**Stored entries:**

··········

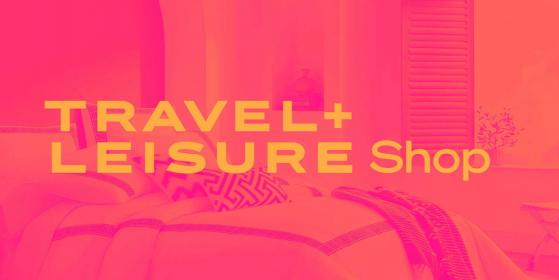 Travel + Leisure (NYSE:TNL) Misses Q4 Revenue Estimates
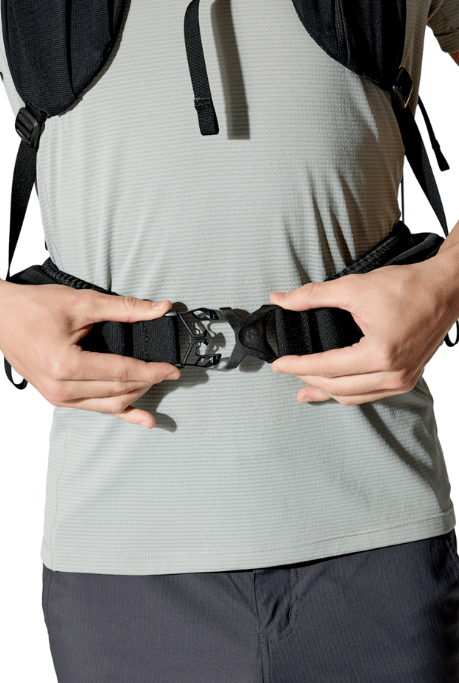 Rab Airox 30L Day Pack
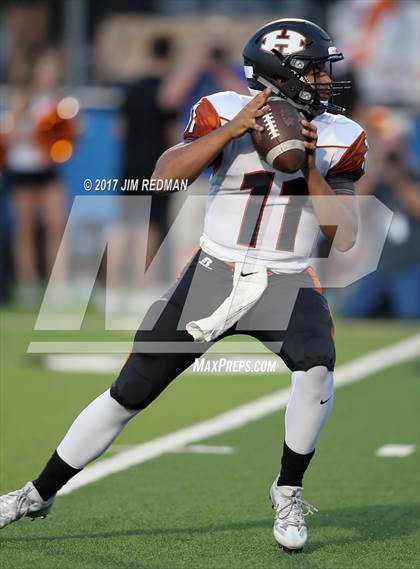 Thumbnail 2 in Hutto @ Georgetown photogallery.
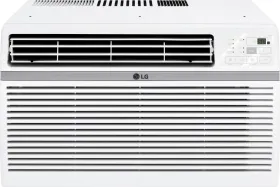 LG LW1224RD 12000 BTU 115V Window AC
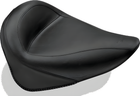 Mustang Motorcycle Solo Original — 2000-2015 Harley-Davidson Touring
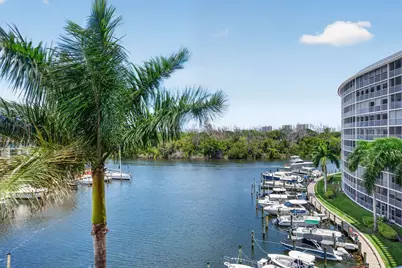1523 E Hillsboro Boulevard #631, Deerfield Beach, FL 33441 - Photo 23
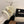 CC 26s Sandals 80 White Sheepskin 183528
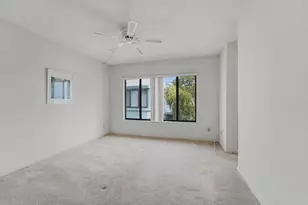 950 S Kanner Hwy Th-133 Hwy, Stuart, FL 34994 - Photo 17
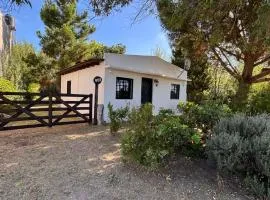 casa en costa del este para 5 personas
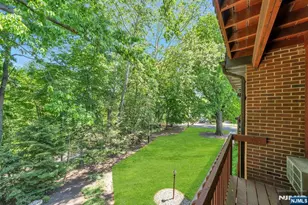 666 Mill Street C6, Belleville, NJ 07109 - Photo 22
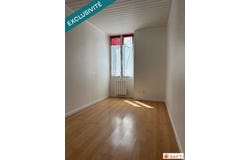 Fourchambault, Bourgogne 58600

··········

Using the data above, give again exactly the lines starting at the one holding "LG LW1224RD 12000 BTU 115V Window AC" and ending at the one holding "666 Mill Street", inclusive, and nothing more. Omit the pictures.

**Problem solution:**
 LG LW1224RD 12000 BTU 115V Window AC
 Mustang Motorcycle Solo Original — 2000-2015 Harley-Davidson Touring
1523 E Hillsboro Boulevard #631, Deerfield Beach, FL 33441 - Photo 23
 CC 26s Sandals 80 White Sheepskin 183528
 950 S Kanner Hwy Th-133 Hwy, Stuart, FL 34994 - Photo 17
 casa en costa del este para 5 personas
 666 Mill Street C6, Belleville, NJ 07109 - Photo 22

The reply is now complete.